Start of Data extracts

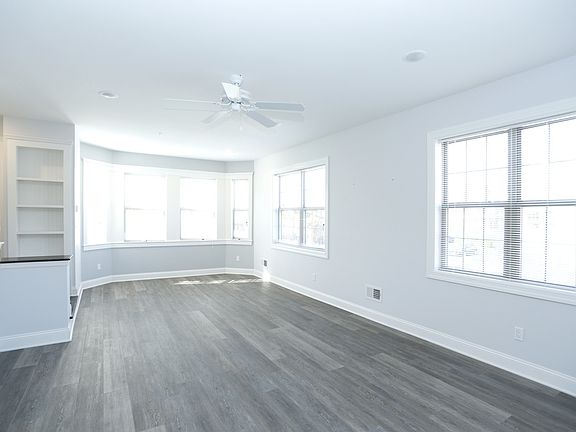 3rd image of 1 2nd St #4fb9d8874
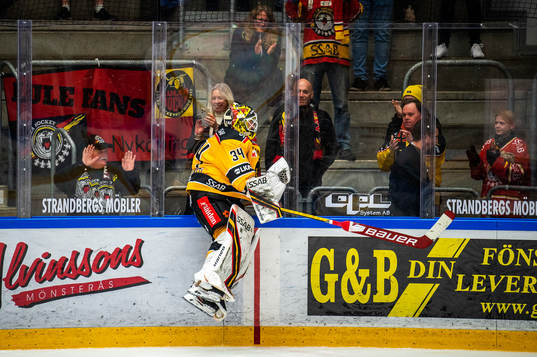 Luleås målvakt Joel Lassinantti jublar med fansen
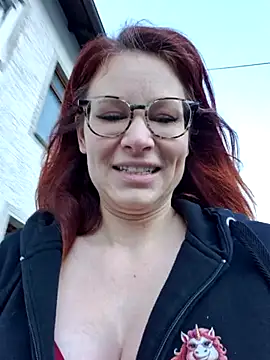 Snapshot of die-EinHORNY-WG chatting on September 15, 6:02 am die-EinHORNY-WG online show from September 15, 6:02 am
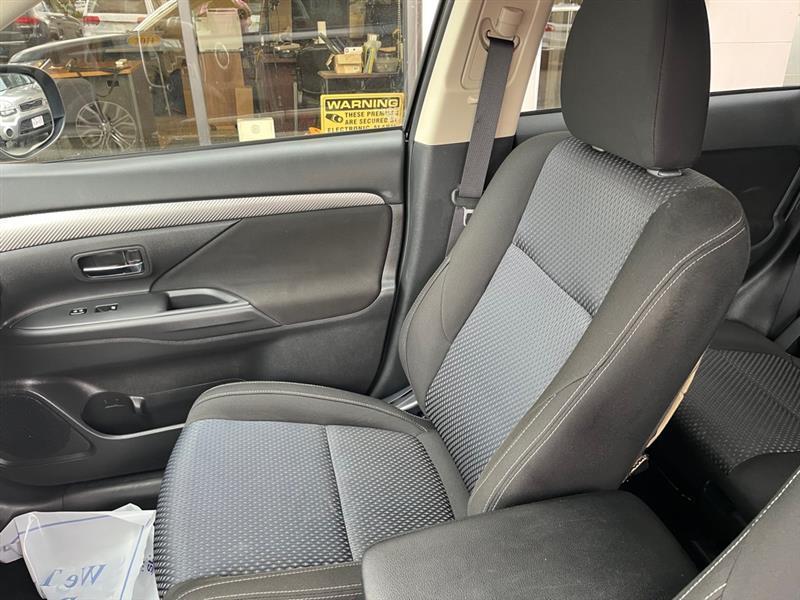 Mitsubishi Outlander  2016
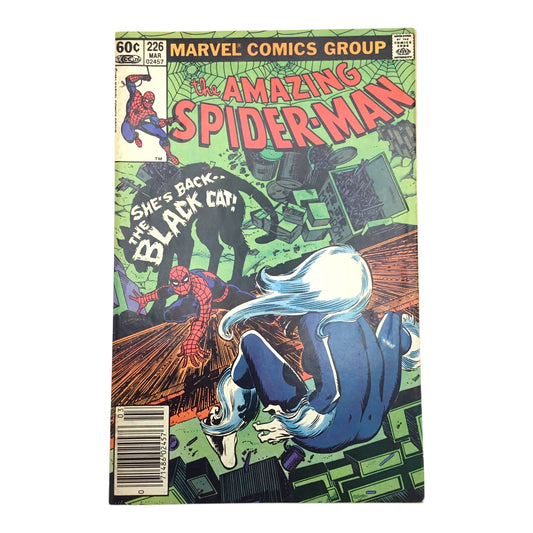 Marvel Comics – The Amazing Spider-Man #226 – “She's Back... The Black Cat!” (VG/FN)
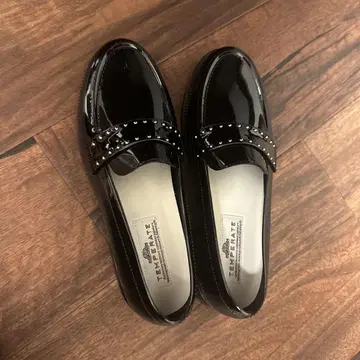 TEMPERATE 블랙 스터드 장식 로퍼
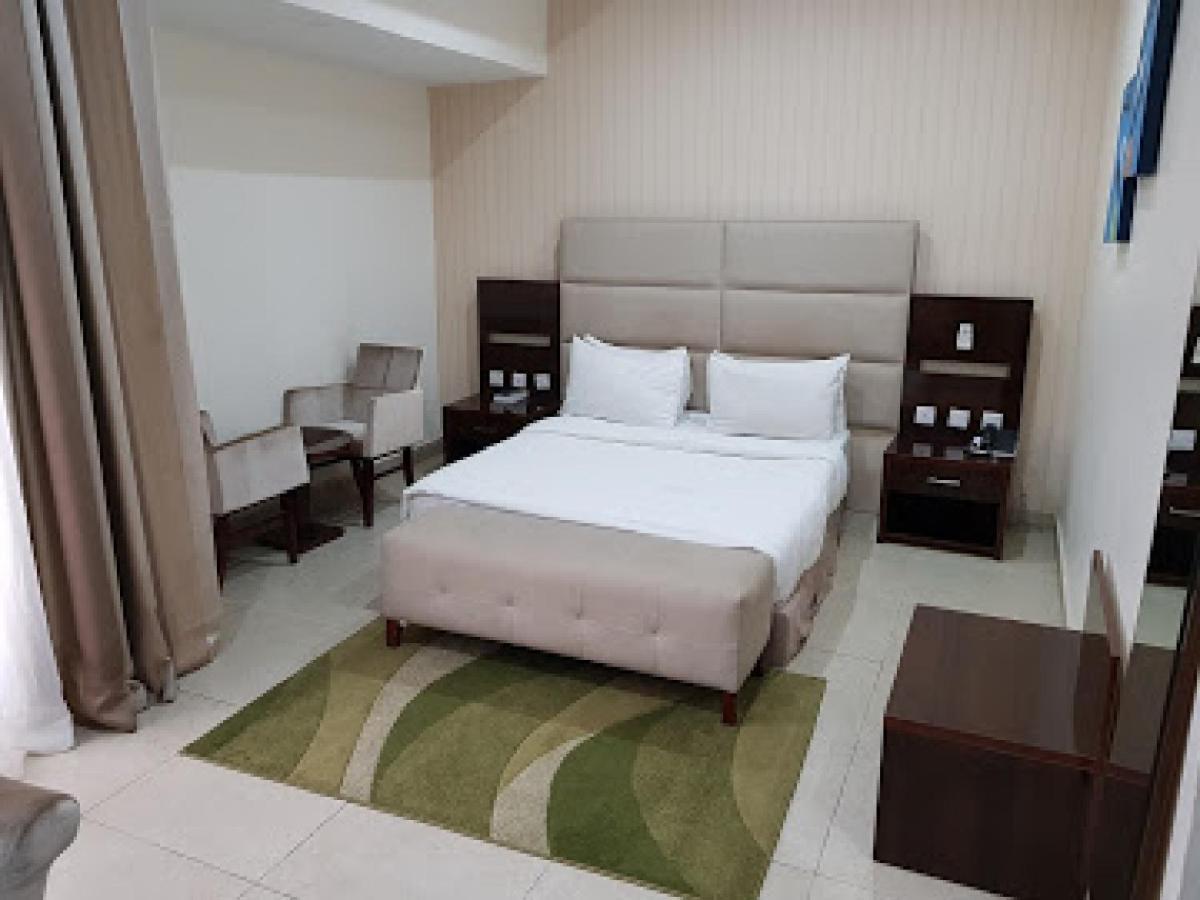 Room In Lodge - Full Moon Hotel Owerri Exterior foto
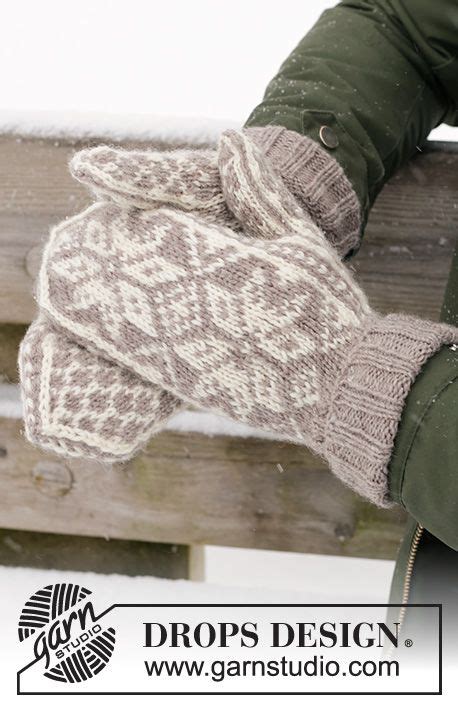 Christmas Claps Drops Free Knitting Patterns By Drops Design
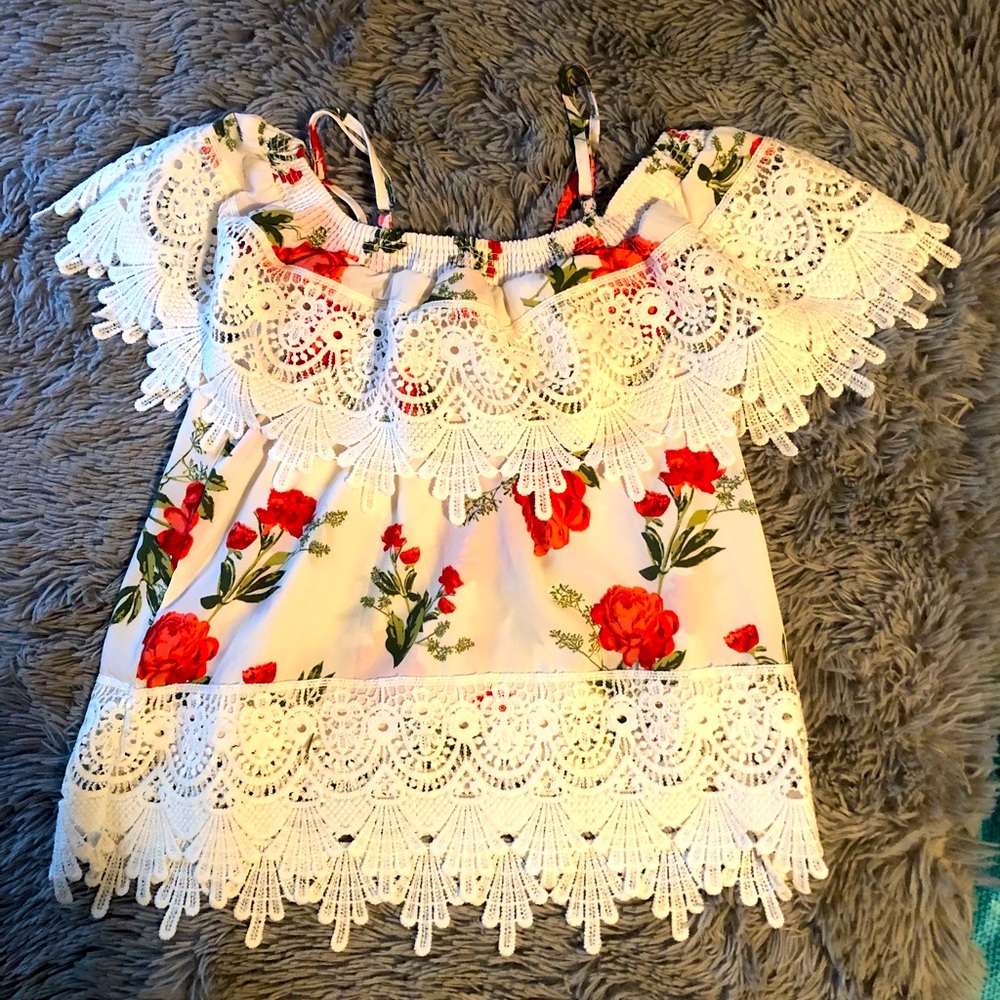 Shoulderless with straps summer shirt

End of Data extracts

Would you reproduce the lines above exactly, without carrying over the pictures?

_Answer section_
 3rd image of 1 2nd St #4fb9d8874
 Luleås målvakt Joel Lassinantti jublar med fansen
 Snapshot of die-EinHORNY-WG chatting on September 15, 6:02 am die-EinHORNY-WG online show from September 15, 6:02 am
 Mitsubishi Outlander  2016
 Marvel Comics – The Amazing Spider-Man #226 – “She's Back... The Black Cat!” (VG/FN)
 TEMPERATE 블랙 스터드 장식 로퍼
 Room In Lodge - Full Moon Hotel Owerri Exterior foto
 Christmas Claps Drops Free Knitting Patterns By Drops Design
 Shoulderless with straps summer shirt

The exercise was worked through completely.